Wednesday 5 October 2011

Reading

Arf I have done what I do *every* chapter or essay and it is very annoying.

each time, honestly for YEARS, I do all my research, get together all my sources and then think 'right!  let's get writing!'  Then I sit around for a few days sort of stuck and thinking am just procrastinating.  THEN finally I realise that I am not actually ready to write and, UG UG UG, I have to re-read all my sources in one fell swoop to get all the info into my brain ready to regugitate it.  And I forget every time because I hate doing it and secretly just hope I could do the reading once, do a plan and then write it out like a genius memory person.  I give myself too much credit and forget (haha the irony) that I have a terible memory and have to work twice as hard as anyone else.  SO I am not writing today, I am re-reading (quickly, but thoroughly) all my sources relevant to this chapter and then will write it out.

The thing is that i cannot leave any time between reading and writing.  So if I spent today and tomorrow reading, as I probably will, I must, must must start writing tomorrow night (uh oh can't as DB has footie all night) or Friday night.  As soon as I can basically or the info will be forgotton and I shall have to do it ALLLLLL again.  No please, no.

This is the kind of thing that is hard with a baby.  They just totally take up your time even if you are committed to the nth degree ;0) 

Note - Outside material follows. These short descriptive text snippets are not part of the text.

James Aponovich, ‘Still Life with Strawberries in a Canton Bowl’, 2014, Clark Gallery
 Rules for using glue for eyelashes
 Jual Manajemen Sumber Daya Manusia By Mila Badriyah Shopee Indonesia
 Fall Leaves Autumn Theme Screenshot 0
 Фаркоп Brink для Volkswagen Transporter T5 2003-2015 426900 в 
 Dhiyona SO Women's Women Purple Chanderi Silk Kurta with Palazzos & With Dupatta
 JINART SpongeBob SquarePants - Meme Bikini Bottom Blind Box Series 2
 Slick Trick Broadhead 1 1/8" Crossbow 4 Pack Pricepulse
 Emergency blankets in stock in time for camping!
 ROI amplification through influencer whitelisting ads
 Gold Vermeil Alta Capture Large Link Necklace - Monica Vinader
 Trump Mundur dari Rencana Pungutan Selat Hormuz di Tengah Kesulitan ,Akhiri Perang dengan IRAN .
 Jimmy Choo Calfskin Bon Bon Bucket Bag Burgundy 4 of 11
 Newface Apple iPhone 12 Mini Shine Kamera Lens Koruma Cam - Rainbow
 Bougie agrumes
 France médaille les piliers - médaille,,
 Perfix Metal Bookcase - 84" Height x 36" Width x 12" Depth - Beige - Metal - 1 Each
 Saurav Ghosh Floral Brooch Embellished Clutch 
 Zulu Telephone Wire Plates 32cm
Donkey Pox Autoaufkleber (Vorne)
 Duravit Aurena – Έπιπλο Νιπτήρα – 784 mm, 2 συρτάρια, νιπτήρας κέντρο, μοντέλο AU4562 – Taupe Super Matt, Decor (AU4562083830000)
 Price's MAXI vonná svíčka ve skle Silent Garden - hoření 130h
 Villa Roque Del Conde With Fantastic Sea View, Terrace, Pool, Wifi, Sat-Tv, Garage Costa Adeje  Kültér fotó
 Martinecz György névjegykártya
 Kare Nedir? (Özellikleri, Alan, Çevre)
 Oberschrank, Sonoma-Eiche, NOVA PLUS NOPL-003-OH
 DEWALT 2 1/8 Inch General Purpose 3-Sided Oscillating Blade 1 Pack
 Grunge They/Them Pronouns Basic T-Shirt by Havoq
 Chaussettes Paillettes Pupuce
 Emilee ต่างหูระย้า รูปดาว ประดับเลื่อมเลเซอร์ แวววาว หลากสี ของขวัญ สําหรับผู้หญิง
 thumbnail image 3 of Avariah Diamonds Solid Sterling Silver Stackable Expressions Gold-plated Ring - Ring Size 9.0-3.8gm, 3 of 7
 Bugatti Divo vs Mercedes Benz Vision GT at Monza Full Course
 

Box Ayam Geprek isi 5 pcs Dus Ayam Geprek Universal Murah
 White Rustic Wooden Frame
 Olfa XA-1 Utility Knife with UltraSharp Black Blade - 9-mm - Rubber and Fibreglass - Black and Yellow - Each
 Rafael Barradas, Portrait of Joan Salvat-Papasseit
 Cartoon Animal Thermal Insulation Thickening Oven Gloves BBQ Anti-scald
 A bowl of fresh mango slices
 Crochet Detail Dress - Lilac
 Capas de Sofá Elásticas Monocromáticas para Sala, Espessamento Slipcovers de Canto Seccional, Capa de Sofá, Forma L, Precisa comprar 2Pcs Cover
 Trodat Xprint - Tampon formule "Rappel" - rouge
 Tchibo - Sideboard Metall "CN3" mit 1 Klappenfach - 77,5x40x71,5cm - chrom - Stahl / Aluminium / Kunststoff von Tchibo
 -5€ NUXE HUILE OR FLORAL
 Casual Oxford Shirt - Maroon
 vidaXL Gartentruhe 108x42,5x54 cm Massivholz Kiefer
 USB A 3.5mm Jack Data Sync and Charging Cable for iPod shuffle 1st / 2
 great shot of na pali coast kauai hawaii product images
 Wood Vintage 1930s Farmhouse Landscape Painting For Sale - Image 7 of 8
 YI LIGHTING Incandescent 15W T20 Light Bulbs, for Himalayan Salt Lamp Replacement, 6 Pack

So better not waste time.  Actually, would be best to read as much as I can today wouldn't it, to start writing tomorrow afternoon hopefully.  I can't rush it though, I must remember that this reading bit is actually very important cause once it is done I write pretty quickly. 

I hate being thorough.

x J

2 comments:

Anonymous said...

Hey, I know exactly how you feel with the reading/writing dilemma cos I'm the same! What I've started doing and what seems to work for me is everytime I read a good quote or statement when re-reading an article I type it into a blank Word document as I go along. Also at the end of an article I might jot down one sentence to summarise the main point of what was argued. By the time I've re-read all my articles around a topic area I've got a list of relevant statements/quotes/points together which I then rejig in some logical order (which might already suggest a suitable sub-heading or two) and which provides me with a sort of skeleton for my text. Then I try to write around and expand what I've got into paragraphs and individual little sections. Doing it this way means I don't need to rely on remembering what each author said when it comes to the writing bit. Worth a try? Bx

Numpty said...

Aw thanks B!

Several people have tried to cure me of my long-winded reading-to-writing process to no avail ;0) I fear I am stuck. The problem is a basic lack of intelligence - I need to read and re-read (and write and re-write notes) to a) remember any of the sources that exist as my short term memory is so poor I can see an author and not realise I read them last week; b) remember what said author said; and c) work out how the arguments of said authors all come together in my particular thesis. I am so dumb it takes aaages for this to all come together! I tried writing the key bits onto a word doc and, ahem, forgot I was doing so and just went back to handwriting out notes on each article/book ;0) I need to handwrite to consolidate ideas, I am a very visual learner hehe. Anywho, thanks, and I plod on!